Nieuws

The New York Times schrijft over koffervisonderzoek

article_published_on_label
21 april 2020

Koffervissen (Ostraciidae) zijn een fascinerende visfamilie, waarover al jaren wetenschappelijke discussies gaande zijn. Want hoe behouden deze grappige en raar uitziende vissen hun zwemkoers in het water? In de recente publicatie van Pim Boute et al. in Royal Society Open Science beschrijven de onderzoekers dat de staartvin van de gele koffervis (Ostracion cubicus) cruciaal is om te kunnen gieren, waarmee controle wordt behouden over de koers.

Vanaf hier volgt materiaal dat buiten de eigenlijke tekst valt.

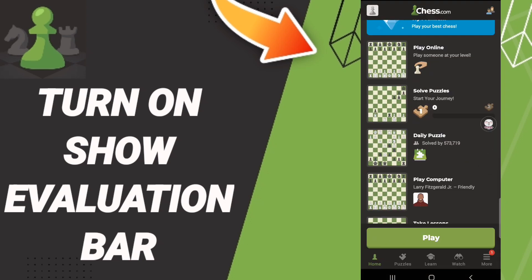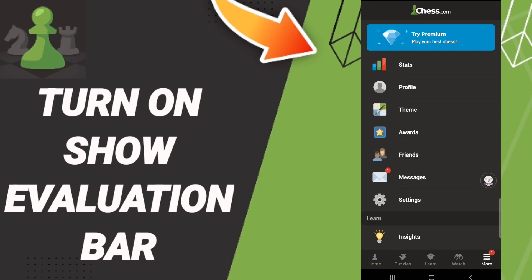After that in this page we will go down to find this window of more. When we find this list we click settings.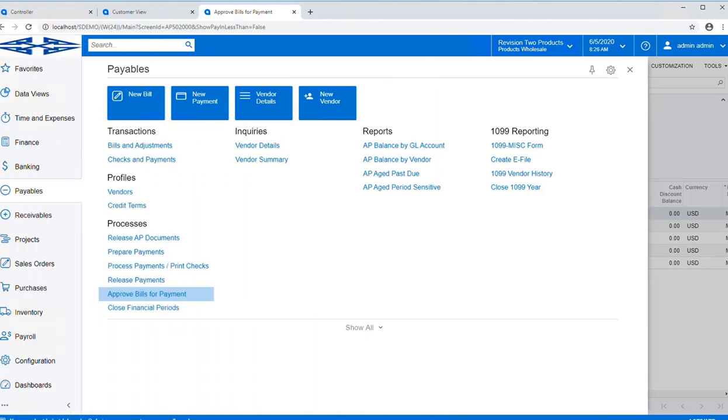Automation schedules can be used to schedule tasks ahead of time, so you don't need to worry about running these tasks later on, getting busy in your day, and forgetting to get something accomplished. It allows you to run your business proactively rather than reactively.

In beginsel is de romp van koffervissen onstabiel, waardoor koers behouden lastig is. Het lichaam van koffervissen is omhuld in een zogenoemde carapax (een soort van lichaamsbepantsering), waardoor koffervissen geen golvende zwembewegingen met hun romp kunnen maken. Zwembewegingen worden dus alleen gemaakt door de vinnen, die door de carapax naar buiten steken. Boute et al. onderzochten hoe de gele koffervis met behulp van zijn staartvin toch controle krijgt over zijn koers. Met behulp van 3D geprinte modellen in een stromingstank in combinatie met computersimulaties van de gele koffervis laten Boute et al. kwantitatief zien dat de staartvin cruciaal is om de koers te kunnen controleren. De gele koffervis gebruikt de staartvin als roer door de gierkracht te regelen met het sluiten of openen, en draaien van deze vin ten opzichte van het lichaam. Deze bevindingen sluiten aan bij ecologische theorieën dat gecontroleerde instabiliteit gunstig is om manoeuvreerbaarheid te verhogen. Deze kennis over het bewegen van de gele koffervis kan gebruikt worden voor bijvoorbeeld het ontwerpen van onderwaterrobots. Het onderzoek staat uitgelicht op de omslag van de huidige Royal Society Open Science uitgave. Lees de publicatie hier. (alleen in het Engels)

The New York Times schrijft over koffervisonderzoek

The New York Times merkte de studie op en interviewde Pim Boute over hun bevindingen.

Lees het artikel in the New York Times

Pim Boute voerde dit onderzoek uit tijdens zijn master bij het Department of Ocean Ecosystems van de Rijksuniversiteit Groningen onder directe supervisie van Eize Stamhuis. Dit onderzoek was onderdeel van een langer lopend onderzoeksproject dat is geïnitieerd door de Rijksuniversiteit Groningen en is uitgevoerd in samenwerking met Sam Van Wassenbergh van de Universiteit Antwerpen. Momenteel is Pim Boute promovendus bij de Leerstoelgroep Experimentele Zoölogie.